(Entries taken from a collection)
========================

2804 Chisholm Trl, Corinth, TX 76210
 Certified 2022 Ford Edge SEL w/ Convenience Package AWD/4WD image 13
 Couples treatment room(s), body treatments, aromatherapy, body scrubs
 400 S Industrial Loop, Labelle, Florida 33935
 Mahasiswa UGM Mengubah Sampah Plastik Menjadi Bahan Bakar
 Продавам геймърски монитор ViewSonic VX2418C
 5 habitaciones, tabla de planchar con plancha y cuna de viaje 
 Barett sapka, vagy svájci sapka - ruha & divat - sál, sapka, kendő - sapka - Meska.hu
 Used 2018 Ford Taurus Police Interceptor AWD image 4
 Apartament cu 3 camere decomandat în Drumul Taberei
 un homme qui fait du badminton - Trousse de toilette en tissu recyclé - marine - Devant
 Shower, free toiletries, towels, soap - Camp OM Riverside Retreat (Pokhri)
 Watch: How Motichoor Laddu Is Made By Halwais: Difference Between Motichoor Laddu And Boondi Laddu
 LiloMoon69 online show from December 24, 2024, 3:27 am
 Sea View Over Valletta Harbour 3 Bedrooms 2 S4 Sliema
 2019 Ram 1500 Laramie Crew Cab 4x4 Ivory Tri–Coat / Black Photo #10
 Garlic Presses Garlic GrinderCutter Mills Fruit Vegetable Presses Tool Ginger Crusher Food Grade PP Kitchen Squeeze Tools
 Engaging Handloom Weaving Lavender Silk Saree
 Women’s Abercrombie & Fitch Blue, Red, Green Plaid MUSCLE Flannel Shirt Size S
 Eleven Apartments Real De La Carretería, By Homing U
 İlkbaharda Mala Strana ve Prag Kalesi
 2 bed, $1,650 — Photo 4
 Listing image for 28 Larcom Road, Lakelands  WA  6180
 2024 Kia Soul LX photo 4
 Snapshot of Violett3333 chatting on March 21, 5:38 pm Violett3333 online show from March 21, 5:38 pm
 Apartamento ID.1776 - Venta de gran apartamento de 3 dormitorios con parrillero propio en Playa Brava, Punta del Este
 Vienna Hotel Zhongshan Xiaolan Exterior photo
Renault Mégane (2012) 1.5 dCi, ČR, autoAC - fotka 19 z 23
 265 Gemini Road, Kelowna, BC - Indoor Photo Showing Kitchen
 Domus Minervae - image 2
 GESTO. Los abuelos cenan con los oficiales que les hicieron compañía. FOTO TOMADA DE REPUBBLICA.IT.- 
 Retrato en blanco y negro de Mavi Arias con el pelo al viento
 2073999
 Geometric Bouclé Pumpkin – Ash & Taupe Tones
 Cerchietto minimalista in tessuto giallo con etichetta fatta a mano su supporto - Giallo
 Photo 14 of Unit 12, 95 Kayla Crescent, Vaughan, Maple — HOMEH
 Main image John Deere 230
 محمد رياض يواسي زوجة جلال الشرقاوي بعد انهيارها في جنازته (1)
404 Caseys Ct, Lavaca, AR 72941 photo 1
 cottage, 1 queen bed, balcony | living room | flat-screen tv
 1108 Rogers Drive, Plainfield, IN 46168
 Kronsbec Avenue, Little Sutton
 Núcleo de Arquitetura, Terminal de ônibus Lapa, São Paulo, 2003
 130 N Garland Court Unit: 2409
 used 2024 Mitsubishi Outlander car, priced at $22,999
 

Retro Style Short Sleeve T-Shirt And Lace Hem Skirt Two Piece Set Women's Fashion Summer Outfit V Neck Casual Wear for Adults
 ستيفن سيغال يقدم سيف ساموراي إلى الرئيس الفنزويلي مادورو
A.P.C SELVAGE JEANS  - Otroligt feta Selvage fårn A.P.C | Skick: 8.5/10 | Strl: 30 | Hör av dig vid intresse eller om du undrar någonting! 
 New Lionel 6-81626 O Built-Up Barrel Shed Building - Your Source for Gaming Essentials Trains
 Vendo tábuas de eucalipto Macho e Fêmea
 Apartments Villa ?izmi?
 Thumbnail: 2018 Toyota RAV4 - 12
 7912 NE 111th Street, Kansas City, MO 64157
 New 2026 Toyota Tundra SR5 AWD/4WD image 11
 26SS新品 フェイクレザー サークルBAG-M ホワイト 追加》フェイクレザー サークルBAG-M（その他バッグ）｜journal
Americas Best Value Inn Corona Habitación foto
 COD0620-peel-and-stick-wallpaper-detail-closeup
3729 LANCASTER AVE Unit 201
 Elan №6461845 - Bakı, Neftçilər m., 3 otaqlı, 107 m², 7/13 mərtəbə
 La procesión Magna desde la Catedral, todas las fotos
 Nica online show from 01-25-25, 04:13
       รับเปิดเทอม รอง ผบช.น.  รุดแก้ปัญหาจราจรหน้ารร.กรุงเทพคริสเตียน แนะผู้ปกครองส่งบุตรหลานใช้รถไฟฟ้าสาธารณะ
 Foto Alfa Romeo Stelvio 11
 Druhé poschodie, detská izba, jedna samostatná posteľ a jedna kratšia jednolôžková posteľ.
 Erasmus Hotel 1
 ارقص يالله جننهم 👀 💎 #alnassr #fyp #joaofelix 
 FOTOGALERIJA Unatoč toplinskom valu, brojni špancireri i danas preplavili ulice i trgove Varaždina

========================

__Task item__
Please report only the number of lines above that include "Hotel".

__Your solution__
2